That “2x” is actually the derivative of x^2, if you notice.

When we differentiate e^something, it becomes e^something multiplied by the derivative of the something. Here, the something is x^2 and its derivative is 2x.

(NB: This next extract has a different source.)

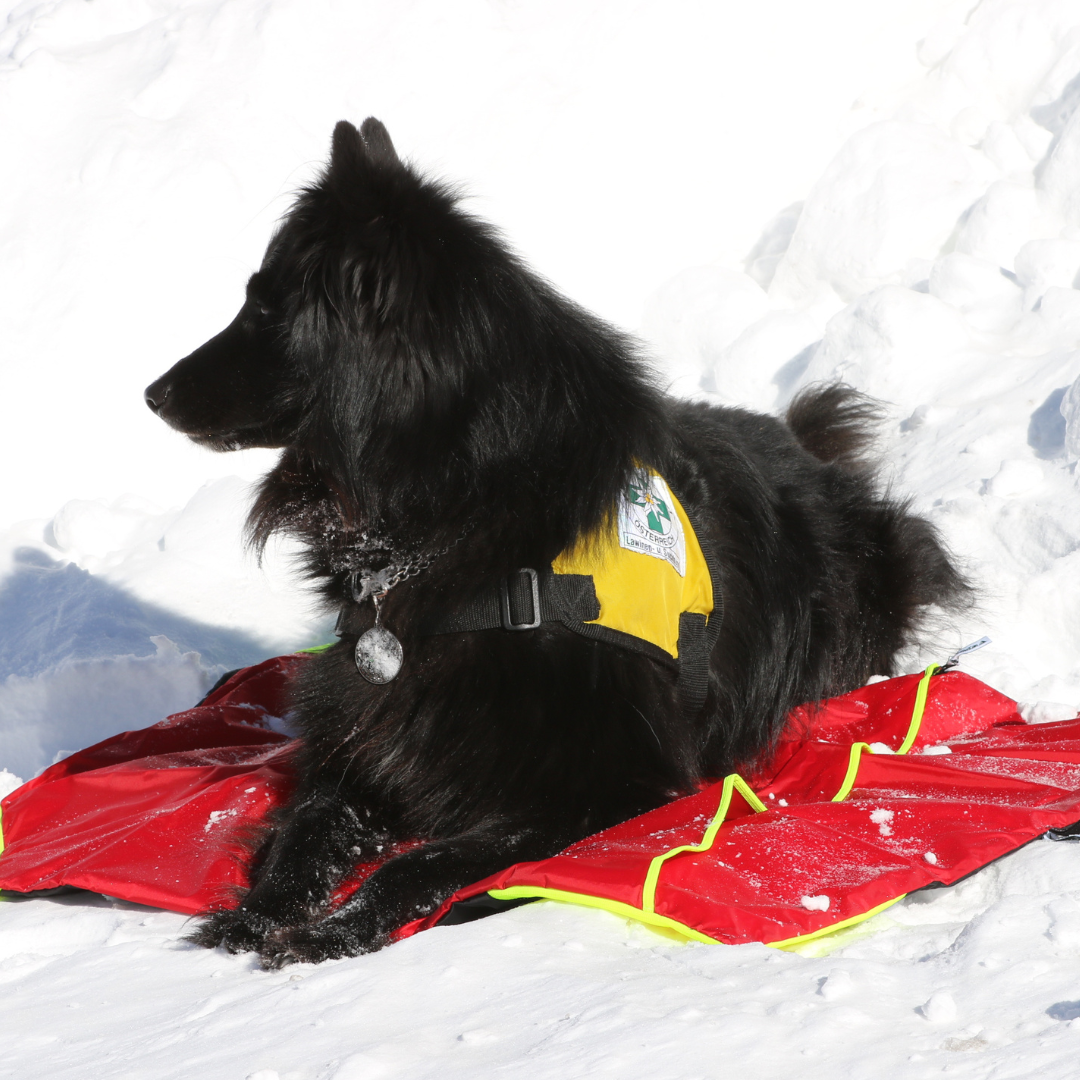 Safety Bag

So, integrating 2xe^(x^2) with respect to x should get us

e^(x^2)

plus an arbitrary constant.

So is it true if ∫ f’(x)e^f(x) dx = e^f(x) + c

In general, yes; this is because differentiating e^f(x) gives us f’(x) e^f(x), so the reverse also holds.

Thanks!

Alternative : integration by substitution


Let u = x²
du/dx = 2x

du = 2x dx


∫ 2xe^(x²) dx

= ∫ e^(x²) 2x dx

= ∫ e^u du

= e^u + c

= e^(x²) + c


Of course, it is much easier to directly integrate since :

∫ f'(x) e^(f(x)) dx = e^((f(x))

Always looks out for directly integrable expressions, or if they can be made directly integrable

eg. ∫ cos 2x sin 2x dx

= ¼ ∫ 4 sin 2x cos 2x dx

= ¼ ∫ (2 sin 2x (2 cos 2x) ) dx

= ¼ sin² 2x + c ,


Since d/dx sin² 2x

= d/dx (sin 2x)²
= 2(sin 2x)(2cos 2x)
= 4 sin 2x cos 2x



Otherwise,


∫ cos 2x sin 2x dx

= ½ ∫ 2 sin 2x cos 2x dx

= ½ ∫ sin 4x dx

(Recall sin 2A = 2 sin A cos A. In this case your A = 2x and 2A = 4x)


= ½ (¼ (-cos 4x) + c
= -⅛ cos 4x + c

Both are valid.

Thank you!